START Available data

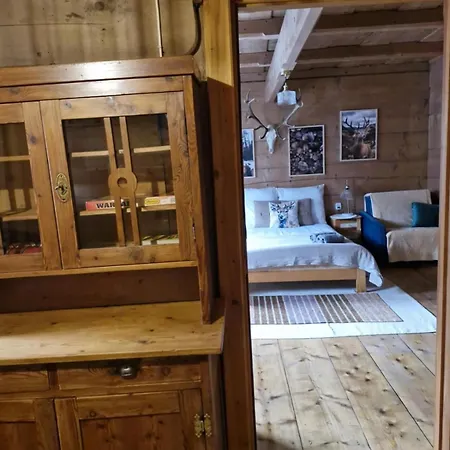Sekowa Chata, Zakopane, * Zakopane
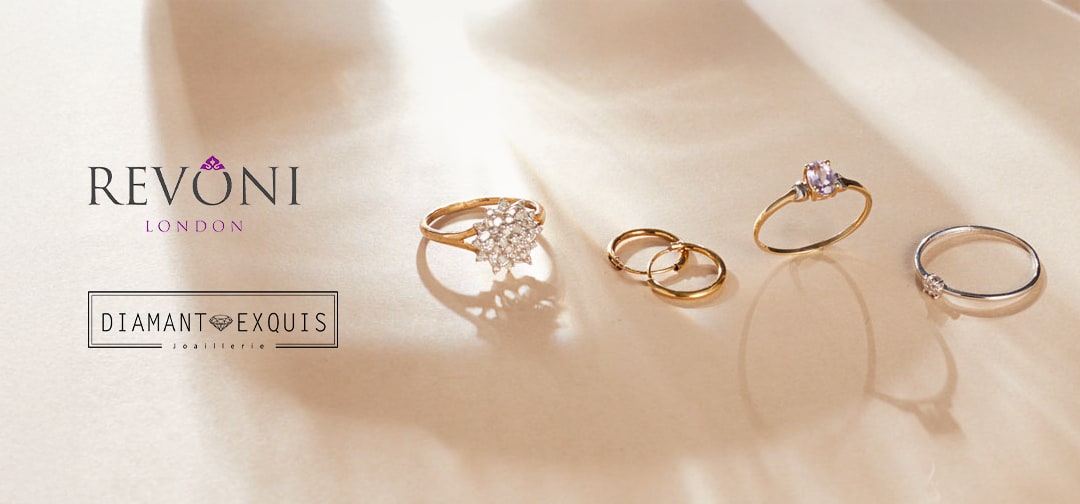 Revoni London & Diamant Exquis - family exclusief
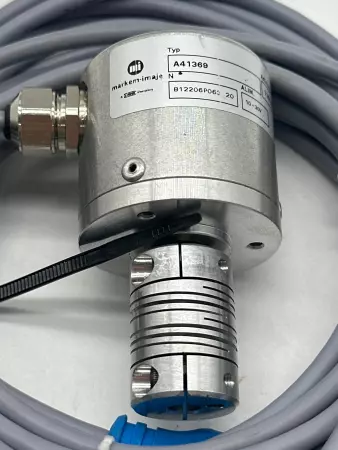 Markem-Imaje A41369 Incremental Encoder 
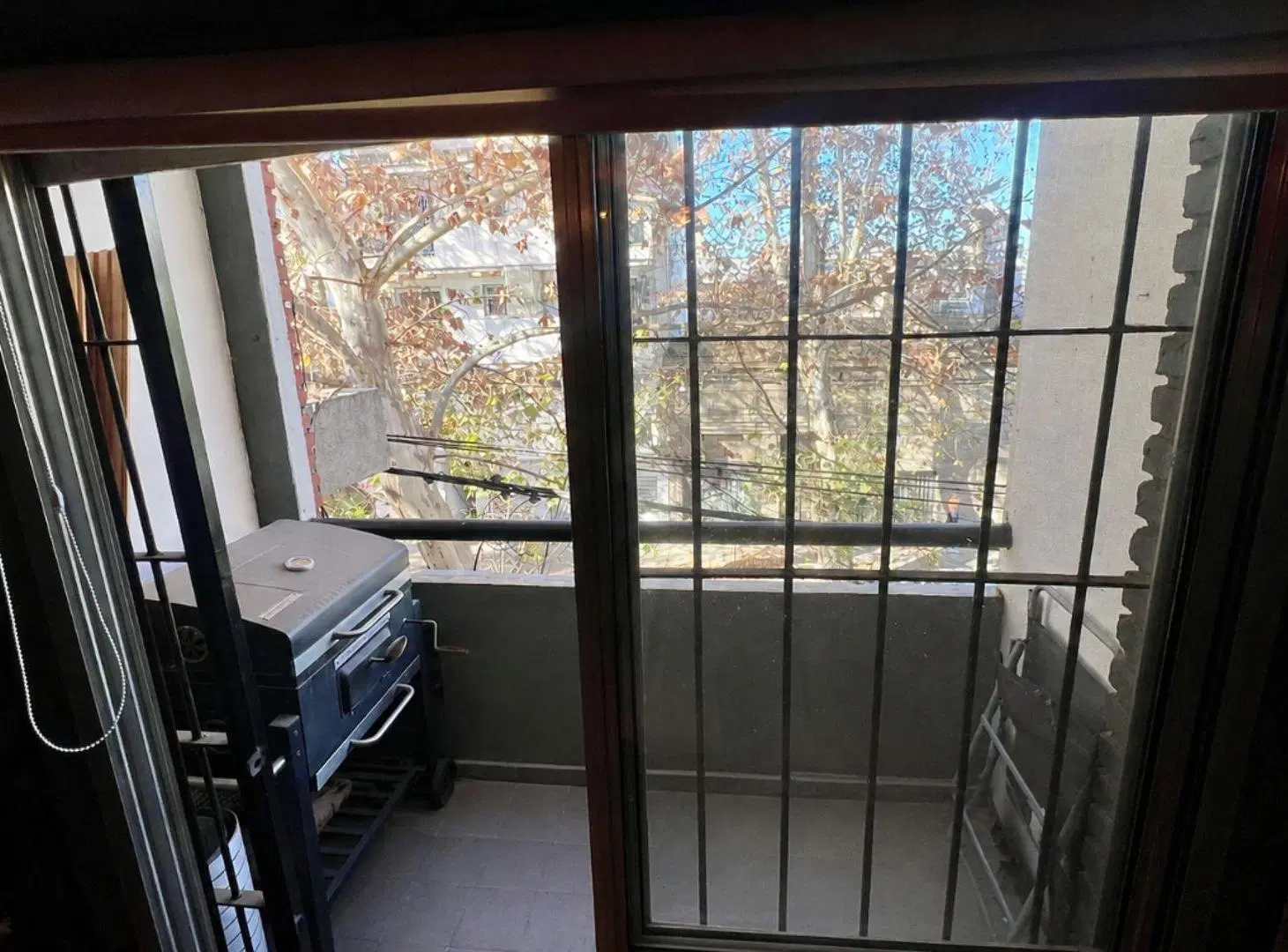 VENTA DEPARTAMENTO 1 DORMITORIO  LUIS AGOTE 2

END Available data

> Brief: Once the line containing "Revoni London &" is found, write it out exactly along with every line after it through the end of the listing, excluding pictures.

> Task answer:
 Revoni London & Diamant Exquis - family exclusief
 Markem-Imaje A41369 Incremental Encoder 
 VENTA DEPARTAMENTO 1 DORMITORIO  LUIS AGOTE 2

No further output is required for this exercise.